Today, March 5, 1901 (Philippines):
Lieutenant General Arthur MacArthur, Jr.; the American Military Governor in the Philippines and father of the famous Gen Douglas MacArthur; formalized the acceptation of the American Circulating Library’s collection using the Philippine Commission through Act Number 96. Today is thus considered the birthday of both the National Library of the Philippines and the Philippine public library system.
Originally, the National Library was set up on, what is now known as, Quintin Paredes Street in Binondo. Something I found quite interesting was that this system also employed roving libraries to ensure customers from all over the islands had a chance to read a book.

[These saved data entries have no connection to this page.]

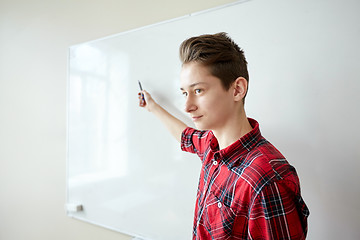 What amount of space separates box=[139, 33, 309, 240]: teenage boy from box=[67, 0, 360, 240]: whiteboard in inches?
8.9

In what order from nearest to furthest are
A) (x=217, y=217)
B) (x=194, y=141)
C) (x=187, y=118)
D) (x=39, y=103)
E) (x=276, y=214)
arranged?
→ (x=276, y=214), (x=217, y=217), (x=194, y=141), (x=187, y=118), (x=39, y=103)

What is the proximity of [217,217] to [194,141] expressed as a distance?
354mm

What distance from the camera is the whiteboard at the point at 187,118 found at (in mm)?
819

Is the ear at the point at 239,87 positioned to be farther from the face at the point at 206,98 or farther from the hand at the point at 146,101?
the hand at the point at 146,101

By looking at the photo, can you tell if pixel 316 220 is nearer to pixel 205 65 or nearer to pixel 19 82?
pixel 205 65

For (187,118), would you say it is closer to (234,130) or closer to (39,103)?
(234,130)

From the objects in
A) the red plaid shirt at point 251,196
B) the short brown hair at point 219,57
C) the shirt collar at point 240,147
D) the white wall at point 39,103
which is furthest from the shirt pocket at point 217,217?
the white wall at point 39,103

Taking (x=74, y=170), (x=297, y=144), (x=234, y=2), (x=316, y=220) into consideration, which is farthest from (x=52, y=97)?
(x=316, y=220)

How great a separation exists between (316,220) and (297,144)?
0.26m

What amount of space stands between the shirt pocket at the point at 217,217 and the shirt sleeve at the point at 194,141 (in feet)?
0.82

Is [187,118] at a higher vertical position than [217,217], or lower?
higher

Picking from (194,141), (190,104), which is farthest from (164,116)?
(190,104)

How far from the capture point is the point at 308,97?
867mm

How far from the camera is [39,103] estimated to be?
172cm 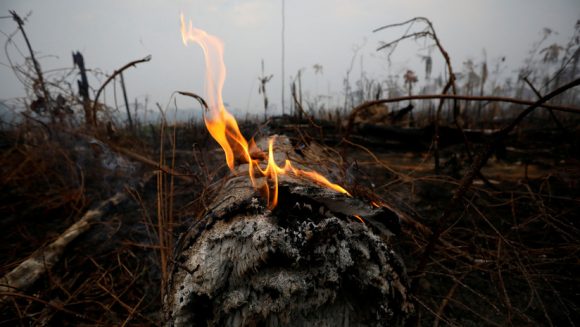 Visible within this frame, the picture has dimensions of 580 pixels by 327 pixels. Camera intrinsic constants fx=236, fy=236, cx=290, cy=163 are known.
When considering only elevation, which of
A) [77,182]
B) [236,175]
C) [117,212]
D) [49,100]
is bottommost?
[117,212]

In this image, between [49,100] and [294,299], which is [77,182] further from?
[294,299]

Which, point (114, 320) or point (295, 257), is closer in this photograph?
point (295, 257)

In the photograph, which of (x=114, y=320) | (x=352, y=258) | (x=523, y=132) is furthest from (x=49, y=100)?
(x=523, y=132)

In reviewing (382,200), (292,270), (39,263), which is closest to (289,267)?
(292,270)

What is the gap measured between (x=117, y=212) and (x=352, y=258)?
3.01m

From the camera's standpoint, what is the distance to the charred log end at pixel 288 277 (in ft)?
2.74

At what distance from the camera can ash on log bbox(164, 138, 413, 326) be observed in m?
0.84

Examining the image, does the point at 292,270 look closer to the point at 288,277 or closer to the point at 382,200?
the point at 288,277

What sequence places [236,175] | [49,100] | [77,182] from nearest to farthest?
[236,175] → [77,182] → [49,100]

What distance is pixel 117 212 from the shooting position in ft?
9.26

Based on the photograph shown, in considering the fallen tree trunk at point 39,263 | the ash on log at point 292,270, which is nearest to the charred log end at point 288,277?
the ash on log at point 292,270

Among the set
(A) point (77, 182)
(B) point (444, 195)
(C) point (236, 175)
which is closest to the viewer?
(C) point (236, 175)

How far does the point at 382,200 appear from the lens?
1708 mm

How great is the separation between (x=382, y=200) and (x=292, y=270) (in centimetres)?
107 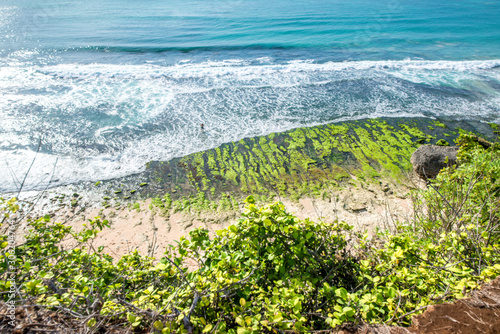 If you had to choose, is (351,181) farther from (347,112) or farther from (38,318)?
(38,318)

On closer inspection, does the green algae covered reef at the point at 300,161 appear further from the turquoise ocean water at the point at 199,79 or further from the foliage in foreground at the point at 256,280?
the foliage in foreground at the point at 256,280

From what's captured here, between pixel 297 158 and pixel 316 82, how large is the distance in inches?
350

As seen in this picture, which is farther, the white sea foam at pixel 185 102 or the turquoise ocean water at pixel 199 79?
the turquoise ocean water at pixel 199 79

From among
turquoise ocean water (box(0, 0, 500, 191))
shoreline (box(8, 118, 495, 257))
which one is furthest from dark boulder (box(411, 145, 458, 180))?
turquoise ocean water (box(0, 0, 500, 191))

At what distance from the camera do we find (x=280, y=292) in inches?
112

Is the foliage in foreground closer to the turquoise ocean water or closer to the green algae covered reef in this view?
the green algae covered reef

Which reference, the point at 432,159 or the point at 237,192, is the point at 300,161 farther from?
the point at 432,159

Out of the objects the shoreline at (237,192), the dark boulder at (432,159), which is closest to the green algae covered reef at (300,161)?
the shoreline at (237,192)

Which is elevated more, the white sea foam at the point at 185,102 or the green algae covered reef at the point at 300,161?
the white sea foam at the point at 185,102

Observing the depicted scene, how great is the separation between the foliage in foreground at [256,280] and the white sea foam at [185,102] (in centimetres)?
617

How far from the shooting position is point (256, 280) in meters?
3.25

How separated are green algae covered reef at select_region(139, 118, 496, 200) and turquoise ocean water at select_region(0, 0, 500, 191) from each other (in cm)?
85

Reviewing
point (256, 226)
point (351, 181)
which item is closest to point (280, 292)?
point (256, 226)

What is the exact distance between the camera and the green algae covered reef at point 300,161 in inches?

Unfortunately, during the Battle (or Liberation) of Manila, mixed in with fires, bombs, and looters, Filipino history was lost forever. Prior to World War II, the national library contained over 730,000 texts and volumes, including some manuscripts by José Rizal and the original Philippine Declaration of Independence (dated June 12, 1898); however, at the end of the war, less than 37,000 remained. After the war, due to the generosity of the Spanish and United States governments, some of the rare artifacts that were lost were returned to the library.
As today marks the anniversary of this library system, everyone is encouraged to go to their local library and check out a book… as I love history, might I suggest starting there. Take a moment to learn something new while appreciating the long road and struggle your government has taken to grant you this opportunity.